単純な円形のものと違い、複雑な形状が入り組んだ画像中の円弧成分に円近似を行う場合には、余分なエッジに邪魔されて近似自体が困難になる場合があります。そのような場合でもHALCONでは、抽出される様々なエッジのうち検査したい円弧成分の特徴をうまく利用することによって、高精度に円近似を実現します。
ここでは様々なエッジを含む中から同じ円弧成分のみを抽出し、高精度に円近似を行う事例を紹介します。

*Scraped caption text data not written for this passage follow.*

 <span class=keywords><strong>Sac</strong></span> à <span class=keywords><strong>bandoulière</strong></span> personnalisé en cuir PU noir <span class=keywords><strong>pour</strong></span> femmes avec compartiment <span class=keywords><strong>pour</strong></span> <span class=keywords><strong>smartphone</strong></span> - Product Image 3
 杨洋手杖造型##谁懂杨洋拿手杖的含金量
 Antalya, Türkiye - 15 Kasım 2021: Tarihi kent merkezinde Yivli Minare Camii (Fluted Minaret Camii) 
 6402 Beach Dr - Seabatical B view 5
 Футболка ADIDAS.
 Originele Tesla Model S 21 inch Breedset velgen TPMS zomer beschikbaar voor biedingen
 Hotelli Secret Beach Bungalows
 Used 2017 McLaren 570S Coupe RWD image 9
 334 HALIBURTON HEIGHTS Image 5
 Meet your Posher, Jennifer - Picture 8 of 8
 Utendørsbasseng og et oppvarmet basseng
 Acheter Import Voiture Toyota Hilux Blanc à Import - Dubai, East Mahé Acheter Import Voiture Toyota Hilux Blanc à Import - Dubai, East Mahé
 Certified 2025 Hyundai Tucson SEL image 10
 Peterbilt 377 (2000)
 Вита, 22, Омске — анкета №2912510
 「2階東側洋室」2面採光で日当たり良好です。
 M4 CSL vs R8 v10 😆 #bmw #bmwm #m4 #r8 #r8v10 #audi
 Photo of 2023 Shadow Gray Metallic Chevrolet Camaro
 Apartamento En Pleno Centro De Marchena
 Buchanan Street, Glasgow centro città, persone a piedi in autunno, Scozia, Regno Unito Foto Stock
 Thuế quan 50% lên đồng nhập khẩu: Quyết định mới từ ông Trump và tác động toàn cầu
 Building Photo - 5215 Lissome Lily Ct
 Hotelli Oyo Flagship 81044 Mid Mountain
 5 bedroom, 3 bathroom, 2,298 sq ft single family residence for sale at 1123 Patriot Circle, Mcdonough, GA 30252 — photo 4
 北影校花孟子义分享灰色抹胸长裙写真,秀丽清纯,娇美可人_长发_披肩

この事例では、左画像中の外側と内側の円弧成分に対して円近似を行い曲率を計測することが目的です。画像から分かるように円弧の途中に四角形が存在するため、単純に円近似を行うことは困難です。HALCONのXLDデータをうまく操作することによって、このような困難な場合でも容易かつ高精度に計測することが可能です。
まず初めに画像中のエッジをサブピクセル精度で抽出します。HALCONではたった一つオペレータを実行するだけで、エッジ情報を高精度なXLDデータ形式で抽出できます。
HALCONのXLDデータ形式は点列データの集合体であるにもかかわらず、非常に簡単に扱うことができます。取得したXLDデータはその特徴量を用いることで、左画像のように直線成分と円弧成分に簡単に分割できます。
分割したXLDデータのうち同心円上でかつ半径が非常に近い成分同士を結合することにより、外側の円弧と内側の円弧をそれぞれ抽出します。
最後に抽出したXLDデータごとに円近似を行うことで、各円弧成分の曲率をサブピクセル精度で取得することができます。